### Recorded data
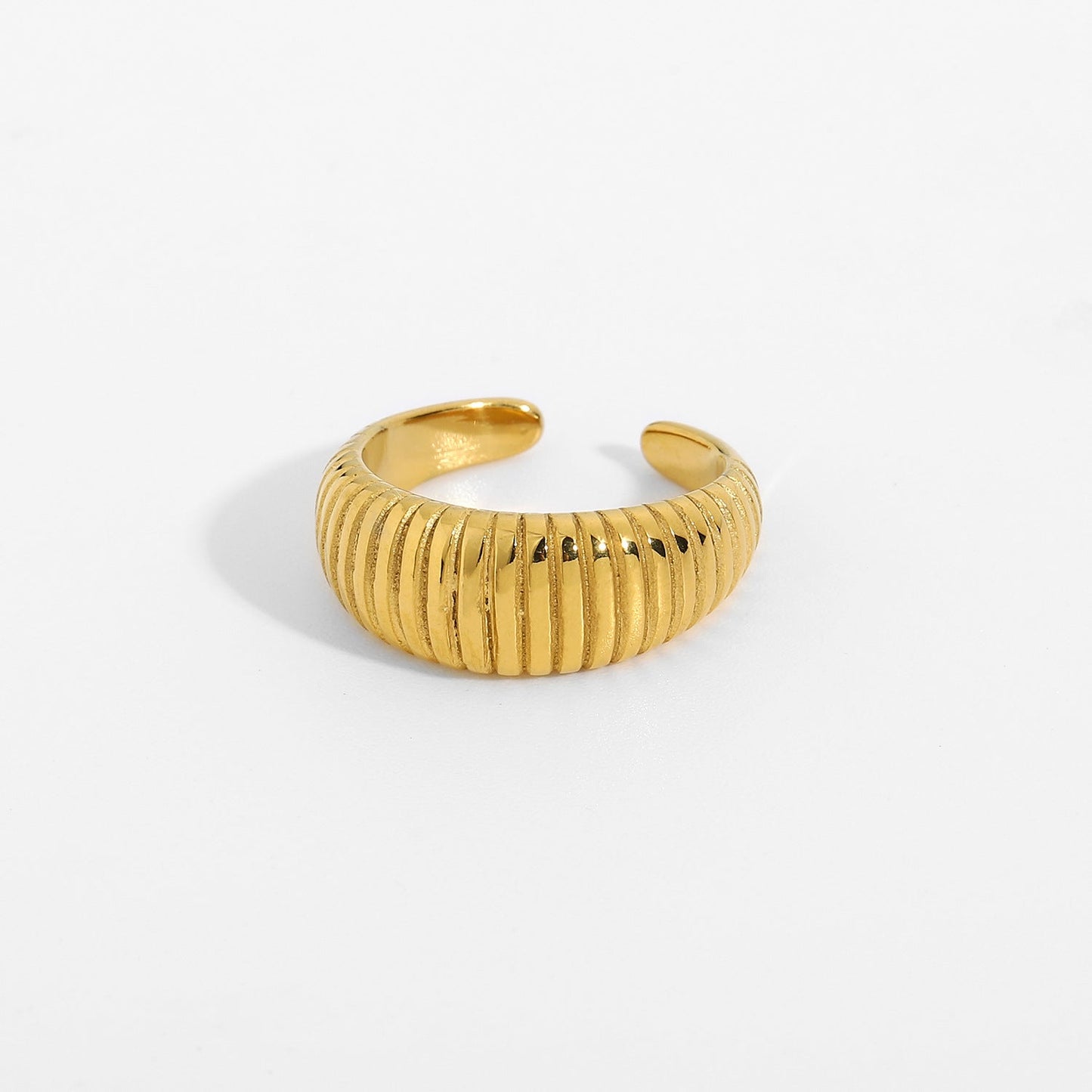 Gold Irregular Simple Wide Rings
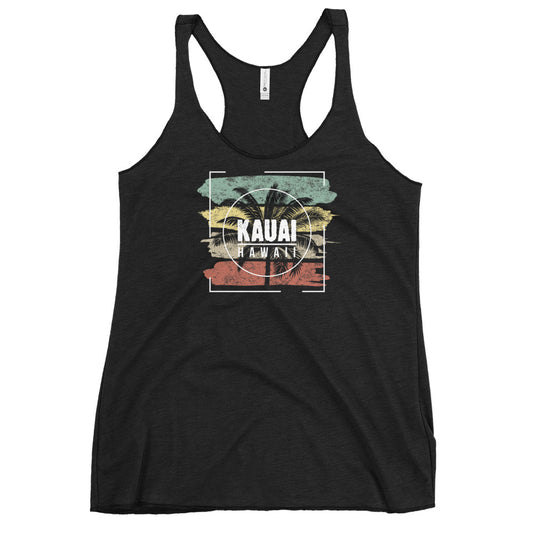 Cool Kauai Hawaii Beach Palm Tree Vacation Souvenir Women's Racerback Tank Top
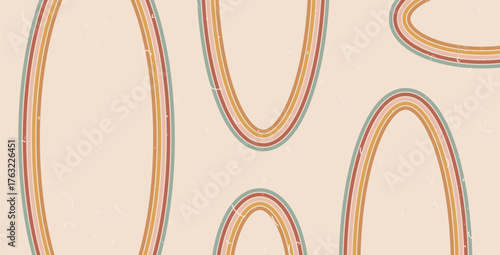 Boho rainbow oval stripe lines textured background. Horizontal banner with rounded stripes abstract pattern. Vector vintage circular underline geometric backdrop. Dynamic ellipse groovy wallpaper.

### Task
Without the pictures, output the full listing exactly as it stands.

### Solution for this task
 Gold Irregular Simple Wide Rings
 Cool Kauai Hawaii Beach Palm Tree Vacation Souvenir Women's Racerback Tank Top
 Boho rainbow oval stripe lines textured background. Horizontal banner with rounded stripes abstract pattern. Vector vintage circular underline geometric backdrop. Dynamic ellipse groovy wallpaper.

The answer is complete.